Sabrina Mahfouz was inspired to write the play after interviewing mega-celebrity chef Ollie Dabbous (google him – a rabbit hole of glorious food!). Beyond all, Dabbous is obsessed with simplicity and making something the best it can be.

And so, the play opens with a peach, a woman in a short-sleeved chef jacket, tattoos on her arms, a pair of grey track pants and runners.  This is Chef. We hear the journey from haute-cuisine to a prison kitchen. This chef is a convicted inmate – but the playwright takes her time for this revelation such is the confidence of the text.

Leading us through her world of mouth-watering dishes and painful memories, “Chef” explores attitudes to food, and notions of violence, love and hope. Sabrina Mahfouz has been the Sky Arts Academy Scholar for Poetry, and this background may be what grounds the play in the rhythms and structures of performance poetry. The writing is highly sensitive to the flow of language, and is as much interested in the beauty of language as the subversive story she tells.  The seduction juxtaposes accounts of horrific deaths, violence and abuse with a la cart sauces, jus, honey, salmon and curry. Food is a way out for Chef and she aims to inspire others to a fresh purpose behind bars.  But can she break free from the limitations of her world and her past?

“I’d never been in love / but I decided that I’d know when I was / because the man would remind of the way/ seagulls glide out of stalactite clouds, / suddenly, / smoothly, / that’s how he’d find me” 

I was impressed with Alice Birbara in a production of “Constellations”(again, Virginia Plain company) some time ago and it is a pleasure to encounter her again with this robust script.  She is a striking presence.  Alice confidently balances the nuances of this, often, poetic text in an understated and focussed performance that keeps us hooked. I hope we get to see more of Alice Birbara in future productions.

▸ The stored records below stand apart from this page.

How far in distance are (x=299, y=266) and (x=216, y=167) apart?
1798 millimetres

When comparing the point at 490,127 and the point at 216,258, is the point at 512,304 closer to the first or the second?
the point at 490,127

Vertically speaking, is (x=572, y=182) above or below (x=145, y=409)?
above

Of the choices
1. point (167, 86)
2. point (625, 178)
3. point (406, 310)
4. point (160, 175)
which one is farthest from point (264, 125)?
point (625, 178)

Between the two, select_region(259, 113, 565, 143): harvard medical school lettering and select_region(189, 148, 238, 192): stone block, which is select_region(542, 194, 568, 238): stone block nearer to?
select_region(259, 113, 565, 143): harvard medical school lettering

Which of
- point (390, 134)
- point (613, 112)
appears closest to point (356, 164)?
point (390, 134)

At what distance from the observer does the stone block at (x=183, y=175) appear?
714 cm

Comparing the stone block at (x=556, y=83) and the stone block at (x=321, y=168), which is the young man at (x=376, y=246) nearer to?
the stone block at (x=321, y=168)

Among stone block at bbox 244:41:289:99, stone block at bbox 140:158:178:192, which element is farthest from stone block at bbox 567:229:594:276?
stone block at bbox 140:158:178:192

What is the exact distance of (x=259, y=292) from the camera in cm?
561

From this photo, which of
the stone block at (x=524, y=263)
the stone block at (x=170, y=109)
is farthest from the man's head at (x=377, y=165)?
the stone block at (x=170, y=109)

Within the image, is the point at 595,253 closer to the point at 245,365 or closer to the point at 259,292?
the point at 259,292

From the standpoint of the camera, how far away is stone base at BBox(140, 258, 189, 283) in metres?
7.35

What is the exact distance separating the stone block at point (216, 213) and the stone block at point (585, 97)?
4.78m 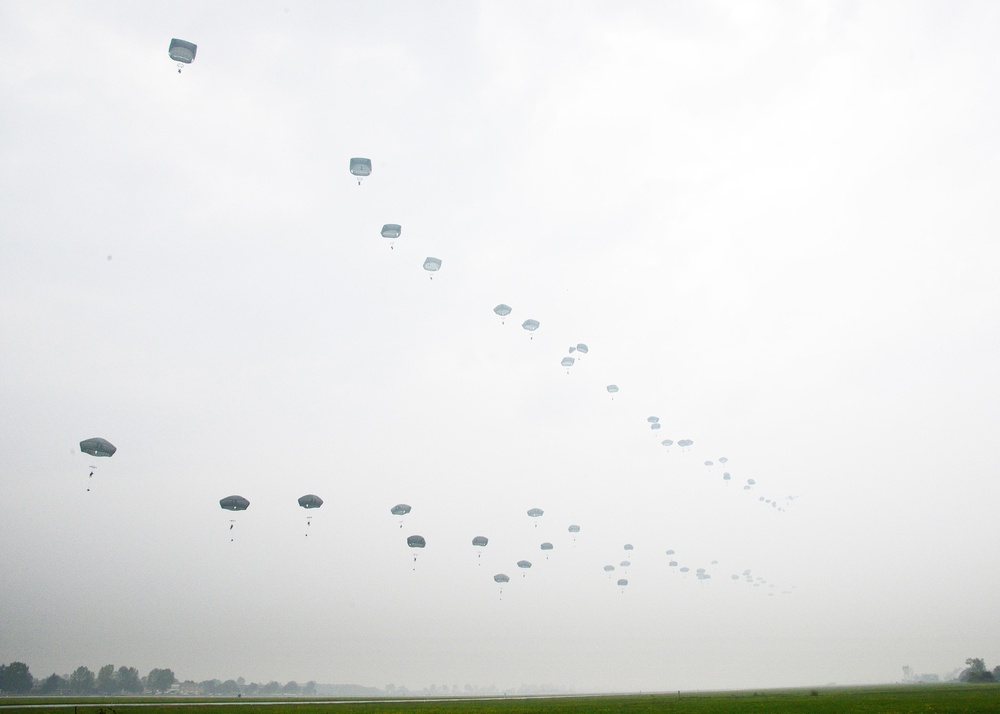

Victor Kalka as director and designer create an unfussed production. A mottled white tiled floor, a white board and a white squiggly light reminiscent of something from the back of a ‘fridge all point to the desire, perhaps, to wipe-the-slate-clean; to escape the past, to reinvent the world again, to have genuine agency and choice.  The production is supported by a gentle lighting design (Jasmin Borsovszky) and sound design (Ryan Devlin).With this short run under their belt I hope the company will find other opportunities to present it again.  It seems crazy that in a festival of emerging work that artists are only given three performance opportunities.  This project – for one – is perfect festival fare. A program which allows artists and teams to present the works across the entire season not only ensures audience reach but a deepening of the artistry on show.